A man looks at photographs of Hungarian Jews held at the Auschwitz Concentration Camp during World War II.
(photo credit: REUTERS)
The European Union might as well label West Bank settlement products with “yellow stars,” Foreign Minister Avigdor Liberman said on Friday in reaction to its push to let consumers know which Israeli products were produced over the Green Line.
He noted that the issue had hit the Israeli media on Wednesday, as the country held its annual commemoration for the 6 million European Jews who were killed by the Nazis in the Holocaust during World War II.
As part of their initial decrees against the Jews, the Nazis forced them to wear yellow stars.
Lieberman in an interview with Israel Radio said he had a suggestion for the EU’s cynical drive with regard to the settlements.
“They can take a yellow star and mark all the product from Judea and Samaria and the Golan Heights with a yellow star,” he said.
The issue has to been in the background of what is happening in the region, Liberman said.
Just look at the people who have been forced to flee and the massacres that have occurred in the Palestinian refugee camp of Yarmouk outside of Damascus in Syria.

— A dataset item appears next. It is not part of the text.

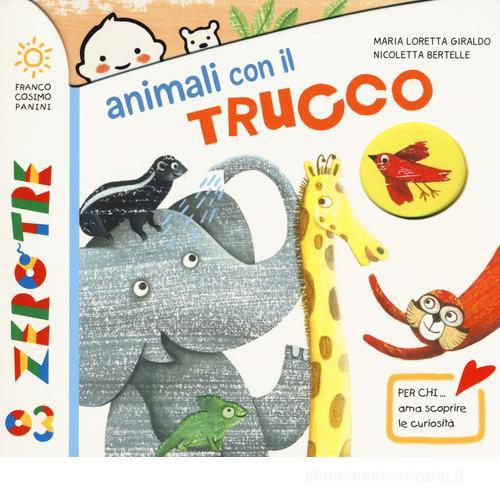 Animali con il trucco. Ediz. a colori di Maria Loretta Giraldo, Nicoletta  Bertelle - 9788857012087 in Libri per la prima infanzia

“This has passed in silence. No EU minister has asked for an emergency meeting about this, outside from a few public statements, nothing has been done,” Liberman said.
Yesh Atid party head Yair Lapid spoke by telephone with the EU’s foreign policy chief Frederica Mogherini and asked her not to move forward with the matter.
“This is a de-facto call to boycott Israel,” he said. “There is no difference between products which are produced over the Green Line and those that are produced within the Green Line.
But on Friday, Mogherini’s office said it was working to publish guidelines on the consumer labeling for EU stores of products produced over the Green Line, according to Bloomberg.
This includes not just West Bank settlement but also east Jerusalem and the Golan Heights.
On Wednesday Haaretz published a letter by 16 foreign ministers that called for the EU to publish its long awaited guidelines on the consumer labeling of West Bank settlement products in EU stores.
The products are already marked for EU customs officials, so that they are not included in Israel’s free trade arrangement with the EU.
But when consumers pick the products up in stores, they can only see that it is made in Israel.
Mogherini’s predecessor Catherine Ashton had said the EU would provide member states with guidelines that would show how to use existing EU legislation to legally mark the products. It would be up to the 28 individual EU member states to decide if they wanted to label the products.
But when the US initiated its nine-month peace process from August 2013 to April 2014, it asked the EU to freeze the issuance of the guidelines to help create a conducive climate for talks. When the US-led negotiations fell apart, the guidelines remained frozen.
The EU ministers, including those from France and Great Britain, told Mogherini the time had come to publish those guidelines.
EU consumers, they said, have a right to know the origin of the products they are purchasing, adding that it was important to take a step against settlement expansion which threatens the prospect of a just and lasting peace.